SPEAKER_01But look at how he handled that diagnosis. The exact same fighting spirit we saw when he was a teenager in the golden gloves immediately kicked in.
SPEAKER_02He didn't give up.
SPEAKER_01Not at all. By July of that year, he was speaking directly to the press, stating that the condition was completely treatable, usually through a surgical shunt that drains the excess fluid, and that he was already feeling significantly better.
SPEAKER_02That's incredible news.
SPEAKER_01This recent health battle perfectly mirrors the mechanics of his entire existence. He faces a devastating, completely unexpected physical blow.
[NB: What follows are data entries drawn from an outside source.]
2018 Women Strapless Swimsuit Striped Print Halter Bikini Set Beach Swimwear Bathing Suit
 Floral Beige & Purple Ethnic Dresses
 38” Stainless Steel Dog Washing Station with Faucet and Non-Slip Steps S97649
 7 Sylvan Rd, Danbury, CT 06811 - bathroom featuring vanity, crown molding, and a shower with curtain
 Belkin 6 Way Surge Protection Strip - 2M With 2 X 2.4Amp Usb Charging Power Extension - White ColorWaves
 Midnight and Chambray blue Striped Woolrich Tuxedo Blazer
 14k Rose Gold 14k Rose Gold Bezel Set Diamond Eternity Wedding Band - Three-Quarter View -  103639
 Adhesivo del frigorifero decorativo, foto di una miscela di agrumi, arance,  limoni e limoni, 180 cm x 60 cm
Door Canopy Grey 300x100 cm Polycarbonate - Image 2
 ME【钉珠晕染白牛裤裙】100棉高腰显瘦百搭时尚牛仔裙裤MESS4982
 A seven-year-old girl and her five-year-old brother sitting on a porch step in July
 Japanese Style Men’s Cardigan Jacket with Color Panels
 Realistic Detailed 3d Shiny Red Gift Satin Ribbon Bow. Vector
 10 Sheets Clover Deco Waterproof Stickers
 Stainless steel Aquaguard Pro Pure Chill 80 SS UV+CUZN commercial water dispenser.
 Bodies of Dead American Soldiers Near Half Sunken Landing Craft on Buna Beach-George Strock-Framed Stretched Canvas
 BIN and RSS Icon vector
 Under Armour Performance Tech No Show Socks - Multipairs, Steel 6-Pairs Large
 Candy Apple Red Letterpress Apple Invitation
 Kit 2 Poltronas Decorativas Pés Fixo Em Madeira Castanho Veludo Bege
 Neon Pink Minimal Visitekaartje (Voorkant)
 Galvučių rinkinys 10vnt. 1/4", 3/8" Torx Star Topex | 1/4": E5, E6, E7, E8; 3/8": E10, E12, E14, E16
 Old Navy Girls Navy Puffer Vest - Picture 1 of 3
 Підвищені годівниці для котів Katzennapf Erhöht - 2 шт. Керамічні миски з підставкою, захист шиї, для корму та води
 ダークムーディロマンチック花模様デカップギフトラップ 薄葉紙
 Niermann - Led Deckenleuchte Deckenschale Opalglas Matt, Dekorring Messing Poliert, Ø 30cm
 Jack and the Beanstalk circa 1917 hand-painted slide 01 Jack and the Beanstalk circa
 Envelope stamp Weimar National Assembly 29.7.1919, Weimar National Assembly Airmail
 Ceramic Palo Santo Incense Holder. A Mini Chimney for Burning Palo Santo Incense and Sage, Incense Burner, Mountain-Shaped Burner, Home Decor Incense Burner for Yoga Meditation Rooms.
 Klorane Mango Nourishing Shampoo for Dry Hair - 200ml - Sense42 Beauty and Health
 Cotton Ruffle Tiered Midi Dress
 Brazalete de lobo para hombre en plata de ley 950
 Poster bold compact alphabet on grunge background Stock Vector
He takes a hit, but instead of staying down on the mat, he immediately focuses all his energy on the recovery and the triumphant return.
SPEAKER_02So what does this all mean? We look at this incredible sweeping arc. We started with a kid who dropped out of high school because of a missed English exam, a kid who was sleeping in public laundromats and drinking furniture polish in the depths of depression. And we end with a man who holds honorary doctorates, who lectures at prestigious universities, and who received the Gershwin Prize for Popular Song from the Library of Congress.
SPEAKER_01He is a man built entirely of profound contradictions. I mean, he is a classical composer who wears a weathered biker's jacket. Exactly. He is an artist who survived the absolute worst elements of the music industry, the predatory contracts, the fraudulent family managers, the constantly shifting cultural trends by simply utilizing leverage and outstubbing everyone else in the room.
SPEAKER_02Outstubbberning everyone.
SPEAKER_00They just didn't get him.
SPEAKER_02They didn't. They often couldn't look past his incredibly catchy, ubiquitous radio melodies to see the complex classical architecture and the raw working class grit hidden right beneath the surface. So look closely at the artists or the creators you casually dismiss today.
SPEAKER_01That's a great point.
SPEAKER_02What hidden depths or quiet internal wars might you be entirely missing simply because their output happens to be popular and accessible? Think about the kid who missed his exam, got knocked down in the boxing ring, and still found a way to write the soundtrack for millions. Thank you for joining us today.